Suatu kali kami memutuskan pulang di atas jam 6 sore seperti kebiasaan lama kami. Saat sampai di rumah, aku sudah ditunggu ibu. Ayah tidak ada. Mungkin ke pasar membeli ikan atau sayur. Aku tidak tahu pasti. Sebelum ibu berbicara, aku langsung bilang begini “ibu, setan tidak ada di lapangan. Kami tunggu-tunggu tetapi tidak datang.” Ibu tidak membantah. Aku disuruhnya untuk berdiri satu kaki sampai ayah pulang. Sambil menahan tangis, aku menunggu ayah pulang dengan satu kaki diangkat.
Ayah tiba di rumah saat aku sudah lelah dengan hukuman. “Ada apa ini?” Tanya ayah ke ibu. Ibu kemudian menjawab “Dia pulang terlambat lagi.” Ayah tidak merespon dan membiarkanku berdiri begitu saja. Tidak lama kemudian ibu menyuruhku membersihkan badan lalu makan malam bersama. Percakapan kami di meja makan tidak banyak. Kami bubar setelah doa tutup makan. Aku langsung beranjak menuju ke kamar tidur karena perasaanku masih bercampur antara kesal, marah dan takut sehingga tidak berani duduk lebih lama bersama kedua orang tuaku.
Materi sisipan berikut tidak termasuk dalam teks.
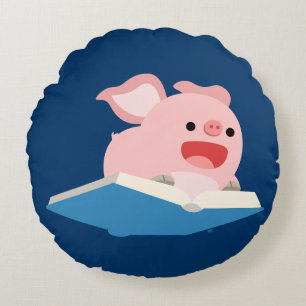 The Flying Book and Cartoon Pig Round Pillow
Aku masih penasaran dengan setan yang dimaksud ibu. Mungkin teman-teman yang lain juga begitu. Perasaanku takut tetapi tidak begitu percaya dengan cerita itu. Sampai suatu waktu, kami pulang terlambat lagi dan masih bercerita di tengah tanah lapang. Pukul enam sore waktu itu. Langit sudah gelap karena mendung sehingga jam enam sore seperti sudah malam sekali. Saat sedang bercerita, tiba-tiba kami mendengar suara tangisan dam teriakan. Siapa pun yang bercanda waktu itu, benar-benar bukan sesuatu yang lucu. Kami berteriak minta tolong dan berlari sambil menangis menuju rumah masing-masing. Jantungku berdetak cepat sekali dan tanganku bergetar saat tiba di rumah. Ibu panik karena tubuhku bergetar dan lemas. Aku merasakan takut yang luar biasa. Sekujur tubuhku mengeluarkan keringat dingin.
“Kamu kenapa Boy?” Ibu bertanya dengan suara gemetar. Ibu benar-benar panik kali ini.
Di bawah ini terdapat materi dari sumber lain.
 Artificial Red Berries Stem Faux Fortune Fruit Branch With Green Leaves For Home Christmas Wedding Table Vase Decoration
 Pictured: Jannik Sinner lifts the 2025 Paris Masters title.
“Ada setan di lapangan.” Aku menjawab dengan gugup.
Seketika ibu mengeluarkan kata-kata ceramahnya. “Ibu sudah bilang jam 6 itu jamnya setan.” Ibu bilang lagi, “Lain kali, kalau orang tua ngomong harus dengar.”
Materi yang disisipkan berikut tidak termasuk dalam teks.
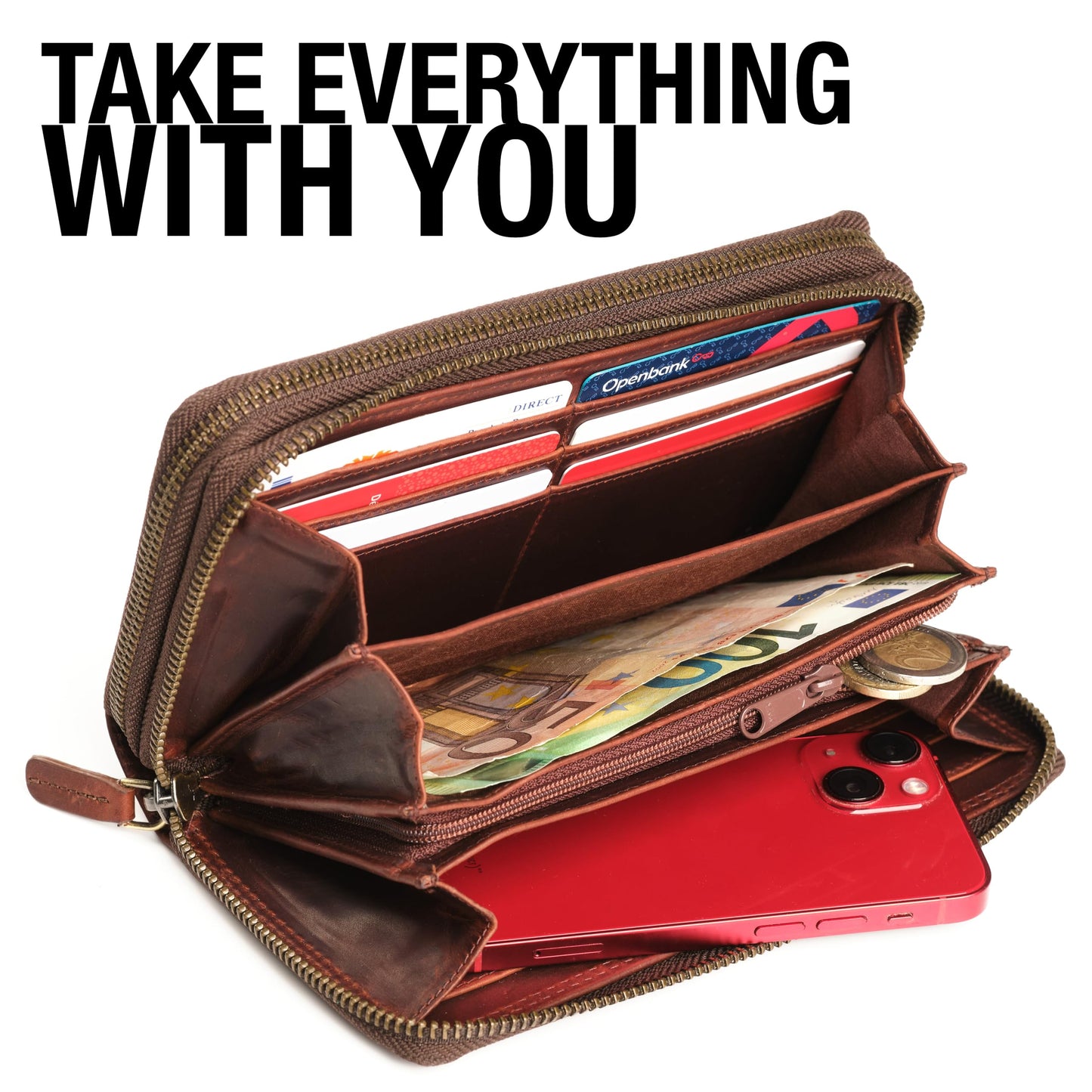 Lavalen Leather RFID Wallet Women – Modern RFID Womens Wallet- Big Multiple Compartments – Credit Card Holder – Handcrafted Genuine Leather -Carteras de Mujer Piel.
Aku menunduk saja. Perasaanku masih takut seperti tadi. “Ibu benar. Setan ada di jam 6 sore.” Aku bicara dalam hati. Aku kemudian disuruh membersihkan badan. Setelah itu, ibu mulai melanjutkan nasehatnya yang panjang lebar dengan suara yang cukup keras. Ibu benar-benar marah dan sekali lagi memperingatkanku kalau sampai di hari-hari berikutnya seperti ini lagi, aku tidak akan diizinkan bermain lagi di tanah lapang itu.
Besok saat bertemu teman-teman, mereka menyampaikan bahwa mereka sudah dilarang untuk bermain bersama karena peristiwa semalam. Aku sedih tetapi itu jalan keluar yang baik saat ini. Sudah hampir seminggu kami jarang berkumpul bersama. Aku lebih banyak di rumah. Tetapi kami tidak betah terus-terusan di rumah. Rutinitas kami kembali seperti sediakala minggu berikutnya dan seterusnya.
Karena aku selalu di rumah sebelum jam 6 sore maka ibu dan ayah tidak pernah menghukum dan memarahiku. Aku akhirnya menyadari bahwa tujuan ibu untuk menyampaikan bahwa ada setan di jam 6 sore itu supaya aku bisa membatasi jam bermainku, bisa pulang lebih awal ke rumah, bisa menggunakan banyak waktu untuk belajar, berkumpul bersama keluarga dan sebagainya. Ternyata ibu dan ayah bermaksud seperti itu. Mereka tidak melarang aku bermain tetapi semua harus memiliki batas karena sesuatu yang berlebihan tentu tidak baik. Cara orang tuaku mendidik mungkin berbeda dari yang lain. Tetapi percayalah bahwa tujuan mereka baik adanya.
Sekarang, setelah tumbuh menjadi lebih dewasa, aku tahu kapan harus bermain, kapan harus belajar, dan kapan harus tidur. Aku bisa mengatur waktu dengan baik untuk semua kegiatanku. Itu semua aku sadari datang dari kebiasaan ibu menyuruhku pulang sebelum jam 6 sore.